How to cache individual Django REST API POSTs for bulk_create?

Tags: , , , ,



I have a Django REST API endpoint. It receives a JSON payload eg.

{ "data" : [0,1,2,3] }

This is decoded in a views.py function and generates a new database object like so (pseudo code):

newobj = MyObj.(col0 = 0, col1= 1, col2 = 2, col3 = 3)
newobj.save()

In tests, it is 20x faster to create a list of x1000 newobjs, then do a bulk create:

Myobj.objects.bulk_create(newobjs, 1000)

So, the question is how to save individual POSTs somewhere in Django ready for batch writes when we have 1000 of them ?

Answer

Thanks for the above responses, the answers included some of what was suggested, but is a superset, so here’s a summary.

This is really about creating a FIFO. memcached turns out to be unsuitable (after trying) because only redis has a list function that enables this, explained nicely here.

Also note that the Django built in cache does not support the redis list api calls.

So we need a new docker-compose.yml entry to add redis:

  redis:
    image: redis
    ports:
      - 6379:6379/tcp
    networks:
      - app-network  

Then in views.py we add: (note the use of redis rpush)

import redis
...
redis_host=os.environ['REDIS_HOST']
redis_port = 6379
redis_password = ""
r = redis.StrictRedis(host=redis_host, port=redis_port, password=redis_password, decode_responses=True)
...
def write_post_to_redis(request):
payload = json.loads(request.body)
r.rpush("df",json.dumps(payload))

So this pushes the received payload into the redis in-memory cache.
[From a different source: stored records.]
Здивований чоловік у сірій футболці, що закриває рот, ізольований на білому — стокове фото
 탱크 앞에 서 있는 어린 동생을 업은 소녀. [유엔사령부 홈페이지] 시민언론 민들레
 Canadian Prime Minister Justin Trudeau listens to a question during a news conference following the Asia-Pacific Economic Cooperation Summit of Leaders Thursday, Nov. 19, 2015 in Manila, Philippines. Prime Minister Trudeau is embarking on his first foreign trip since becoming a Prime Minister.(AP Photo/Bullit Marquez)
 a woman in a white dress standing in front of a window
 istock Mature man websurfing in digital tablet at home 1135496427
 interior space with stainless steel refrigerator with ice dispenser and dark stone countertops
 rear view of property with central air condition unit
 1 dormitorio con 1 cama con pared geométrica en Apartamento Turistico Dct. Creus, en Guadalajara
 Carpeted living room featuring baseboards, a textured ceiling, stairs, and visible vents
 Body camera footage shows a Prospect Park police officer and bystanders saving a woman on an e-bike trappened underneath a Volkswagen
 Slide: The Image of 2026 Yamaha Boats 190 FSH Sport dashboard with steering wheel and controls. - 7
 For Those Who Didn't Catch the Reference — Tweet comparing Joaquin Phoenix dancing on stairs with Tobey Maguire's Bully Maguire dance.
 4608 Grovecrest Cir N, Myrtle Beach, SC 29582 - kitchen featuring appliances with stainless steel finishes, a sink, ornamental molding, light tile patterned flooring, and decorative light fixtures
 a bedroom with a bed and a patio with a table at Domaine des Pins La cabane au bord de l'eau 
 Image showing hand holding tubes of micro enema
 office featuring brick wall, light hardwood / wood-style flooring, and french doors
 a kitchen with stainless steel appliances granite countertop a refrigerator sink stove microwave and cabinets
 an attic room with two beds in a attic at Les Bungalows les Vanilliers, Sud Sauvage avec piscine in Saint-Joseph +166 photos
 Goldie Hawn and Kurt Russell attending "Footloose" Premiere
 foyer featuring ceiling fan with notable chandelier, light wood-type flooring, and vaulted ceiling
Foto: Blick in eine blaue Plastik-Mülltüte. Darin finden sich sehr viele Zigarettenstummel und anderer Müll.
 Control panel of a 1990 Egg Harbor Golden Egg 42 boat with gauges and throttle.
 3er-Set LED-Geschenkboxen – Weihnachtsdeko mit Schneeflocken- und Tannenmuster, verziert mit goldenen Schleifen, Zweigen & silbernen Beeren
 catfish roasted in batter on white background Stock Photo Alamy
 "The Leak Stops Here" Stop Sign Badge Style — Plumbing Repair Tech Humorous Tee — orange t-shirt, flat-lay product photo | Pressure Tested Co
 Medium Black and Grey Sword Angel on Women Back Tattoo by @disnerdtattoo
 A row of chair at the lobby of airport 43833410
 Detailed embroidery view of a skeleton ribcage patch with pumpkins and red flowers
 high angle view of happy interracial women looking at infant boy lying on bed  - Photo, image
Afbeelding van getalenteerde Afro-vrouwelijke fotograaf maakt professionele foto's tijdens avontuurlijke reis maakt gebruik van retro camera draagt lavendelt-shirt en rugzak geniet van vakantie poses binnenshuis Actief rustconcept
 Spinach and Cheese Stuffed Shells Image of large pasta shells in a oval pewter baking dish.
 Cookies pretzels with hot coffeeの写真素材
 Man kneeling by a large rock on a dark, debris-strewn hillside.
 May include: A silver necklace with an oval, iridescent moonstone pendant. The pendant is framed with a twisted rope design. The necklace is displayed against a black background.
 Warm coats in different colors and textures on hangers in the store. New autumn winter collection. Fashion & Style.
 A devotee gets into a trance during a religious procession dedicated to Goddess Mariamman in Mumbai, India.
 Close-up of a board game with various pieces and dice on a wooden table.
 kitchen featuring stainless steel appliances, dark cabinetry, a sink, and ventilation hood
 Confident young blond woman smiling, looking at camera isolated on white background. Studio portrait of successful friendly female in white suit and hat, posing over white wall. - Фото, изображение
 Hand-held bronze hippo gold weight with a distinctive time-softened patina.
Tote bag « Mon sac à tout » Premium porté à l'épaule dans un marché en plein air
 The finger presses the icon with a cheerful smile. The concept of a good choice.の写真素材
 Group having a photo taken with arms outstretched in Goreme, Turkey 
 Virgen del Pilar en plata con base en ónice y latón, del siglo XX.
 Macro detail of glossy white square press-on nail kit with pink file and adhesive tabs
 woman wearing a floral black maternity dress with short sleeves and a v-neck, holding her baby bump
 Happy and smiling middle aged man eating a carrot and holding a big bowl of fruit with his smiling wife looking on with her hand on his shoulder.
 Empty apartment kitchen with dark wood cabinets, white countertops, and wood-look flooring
We now need to read (or pop ) it and write to the postgres database. So we need a process that wakes up every n seconds and checks. For this we need Django background_task. First, install it with:

pipenv install django-background-tasks

And add to the installed apps of the settings.py

INSTALLED_APPS = [
...
    'background_task',

Then run a migrate to add the background task tables:

python manage.py migrate

Now in views.py, add:

from background_task import background
from background_task.models import CompletedTask

And add the function to write the cached data to the postgres database, note the decorator which states it should run in the background every 5 seconds. Also note use of redis lpop.

@background(schedule=5)
def write_cached_samples():
...
payload = json.loads(r.lpop('df'))
# now do your write of payload to postgres
... and delete the completed tasks or we'll have a big db leak
CompletedTask.objects.all().delete()

In order to start the process up, add the following to the base of urls.py:

write_cached_samples(repeat=10, repeat_until=None)

Finally, because the background task needs a separate process, we duplicate the django docker container in docker-compose.yml but replace the asgi server run command with the background process run command.

django_bg:
      image: my_django
      command: >
        sh -c "python manage.py process_tasks"
      ...

In summary we add two new docker containers, one for the redis in-memory cache, and one to run the django background tasks. We use the redis lists rpush and lpop functions to create a FIFO with the API receive pushing and a background task popping.

There was a small issue where nginx was hooking up to the wrong django container, rectified by stopping and restarting the background container, some issue where docker networking routing is wrongly initialising.

Next I am replacing the Django HTTP API endpoint with a Go one to see how much of a speed up we get, as the Daphne ASGI server is hitting max CPU at only 100 requests per sec.



Source: stackoverflow